[Items listed in a dataset]
____________________
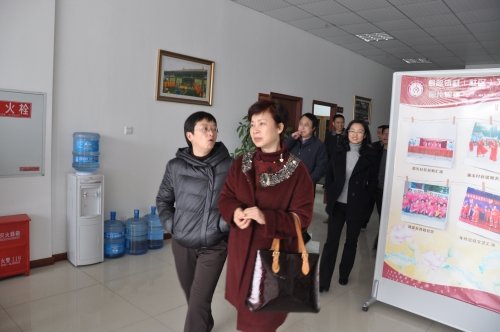 成都市文化局的主要职责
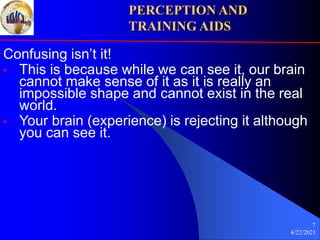 Chapter 8: Perception and Visual Aids | PPT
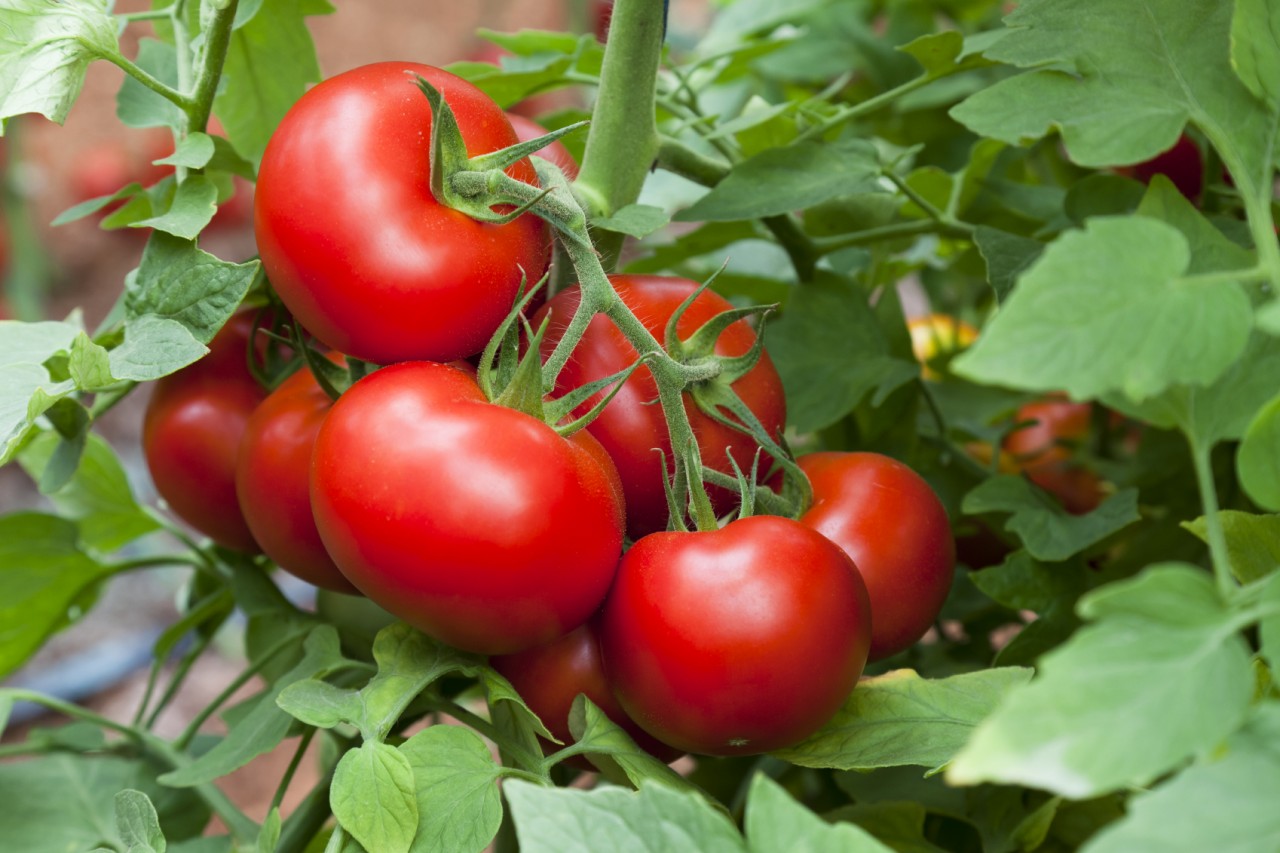 Липецкая область вышла на первое место в стране по сбору тепличных овощей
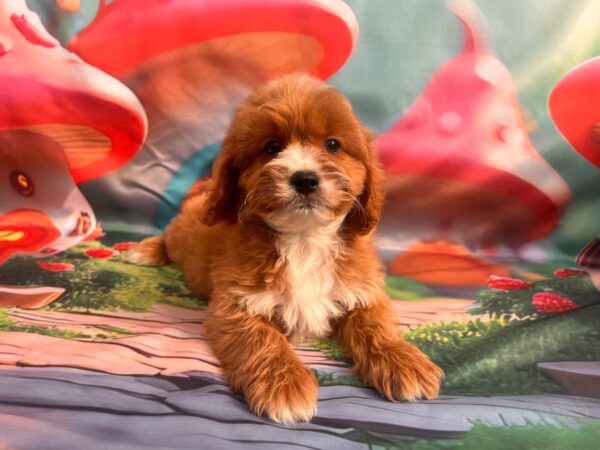 Hero Cavapoo Hero Cavapoo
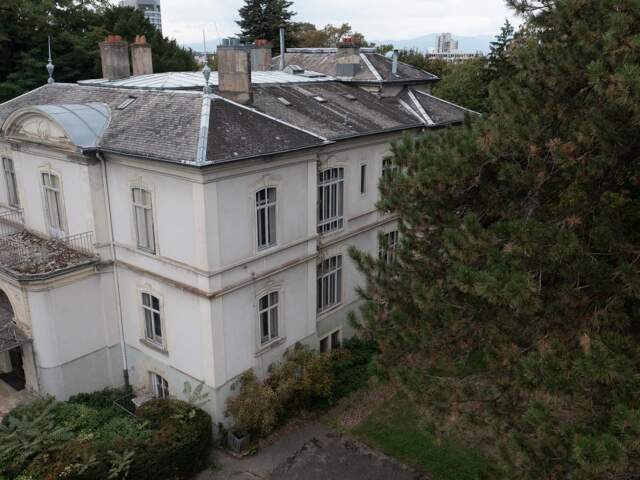 Maison de Maître - 800 m² - Mulhouse (68) — photo du bien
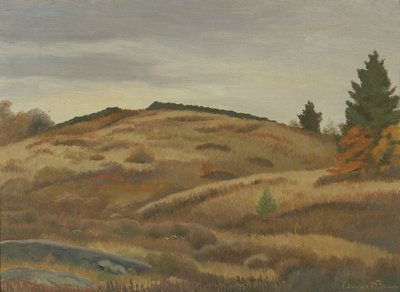 Autumn Fields, ca. 1926-1934. av Edward Bruce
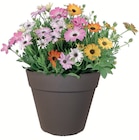 Promo Osteospermum à 2,50 € dans le catalogue LaMaison.fr à Livarot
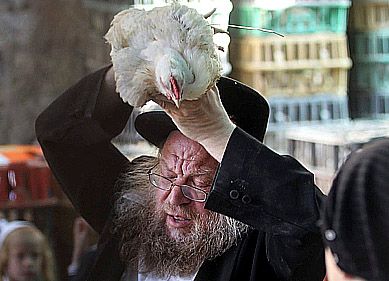 הרב אפרתי: "מי שטוען לאכזריות בכפרות – מוציא לעז"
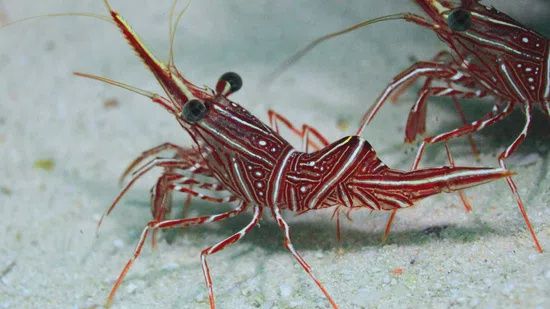 Camel Shrimp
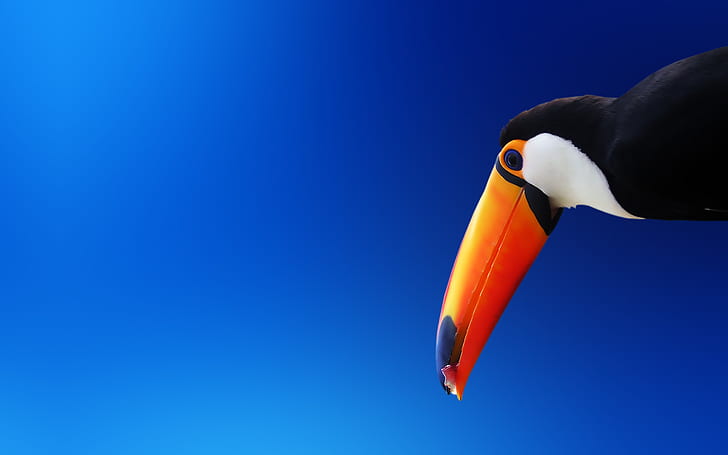 Toucan Bird Blue HD, animals, blue, bird, toucan, HD wallpaper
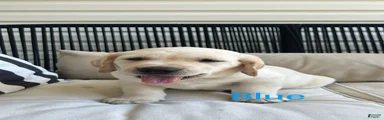 Labrador Retriever 8 dark blue 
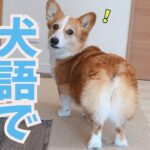 犬語でのお返事が100点満点にかわいいコーギー犬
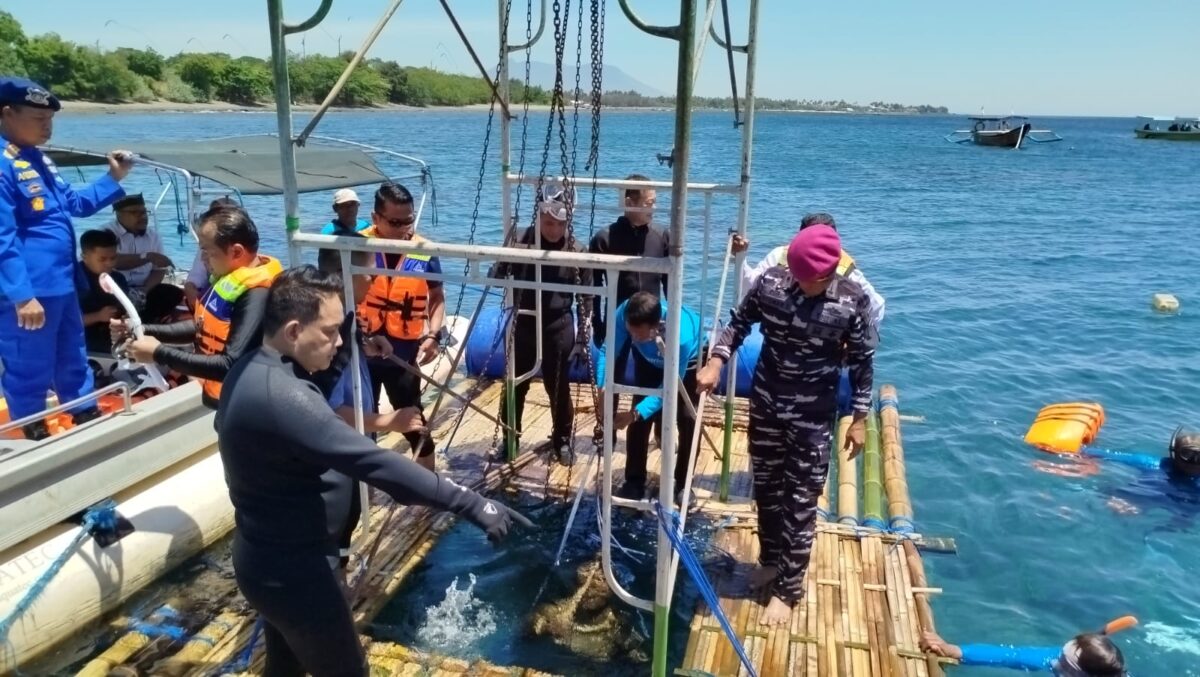 IMG 20241010 WA0114 2 IMG 20241010 WA0114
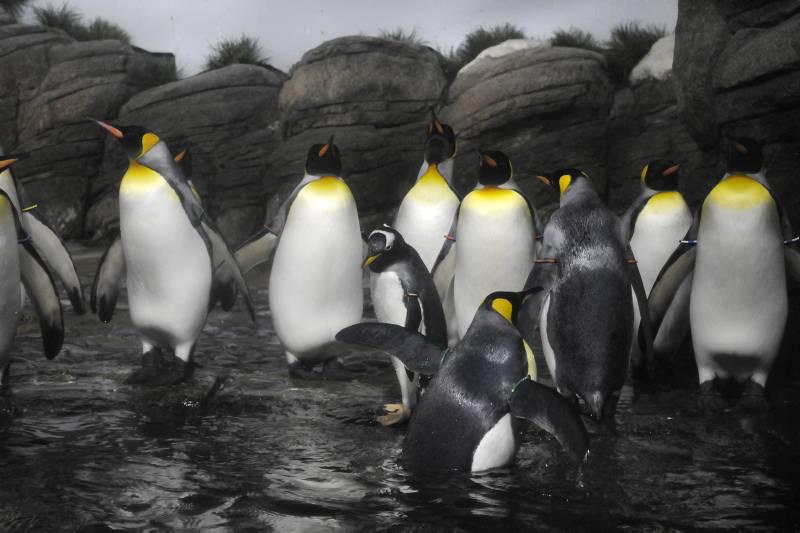 KONINGSPINGUÏN pag 2 WAAR KUN JE DE KONINGSPINGUÏN AAN HERKENNEN? Oranje wangen De koningspinguïn is een van de grootste pinguïnsoorten. Alleen de keizerspinguïn is groter.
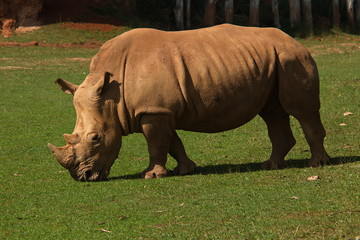 Fototapeta premium Rhinoceros in nature park Cabarceno near Santander,province Pas-Miera in Spain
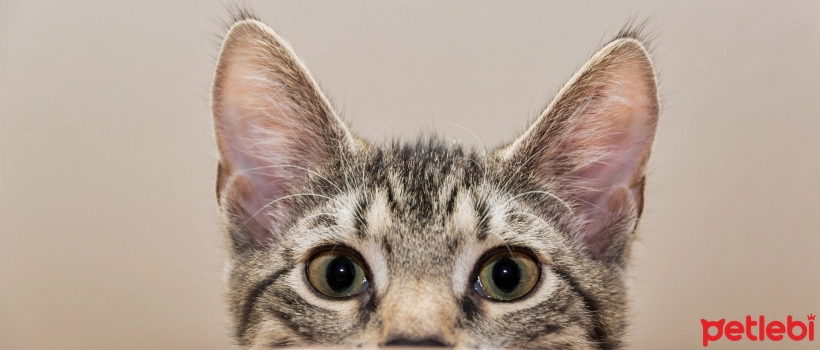 Do Cats Calm Down as They Grow Older? Cat Behaviors According to Age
____________________
Reprint each of the records exactly and skip the images.

 成都市文化局的主要职责
 Chapter 8: Perception and Visual Aids | PPT
 Липецкая область вышла на первое место в стране по сбору тепличных овощей
 Hero Cavapoo Hero Cavapoo
 Maison de Maître - 800 m² - Mulhouse (68) — photo du bien
 Autumn Fields, ca. 1926-1934. av Edward Bruce
 Promo Osteospermum à 2,50 € dans le catalogue LaMaison.fr à Livarot
 הרב אפרתי: "מי שטוען לאכזריות בכפרות – מוציא לעז"
 Camel Shrimp
 Toucan Bird Blue HD, animals, blue, bird, toucan, HD wallpaper
 Labrador Retriever 8 dark blue 
 犬語でのお返事が100点満点にかわいいコーギー犬
 IMG 20241010 WA0114 2 IMG 20241010 WA0114
 KONINGSPINGUÏN pag 2 WAAR KUN JE DE KONINGSPINGUÏN AAN HERKENNEN? Oranje wangen De koningspinguïn is een van de grootste pinguïnsoorten. Alleen de keizerspinguïn is groter.
 Fototapeta premium Rhinoceros in nature park Cabarceno near Santander,province Pas-Miera in Spain
 Do Cats Calm Down as They Grow Older? Cat Behaviors According to Age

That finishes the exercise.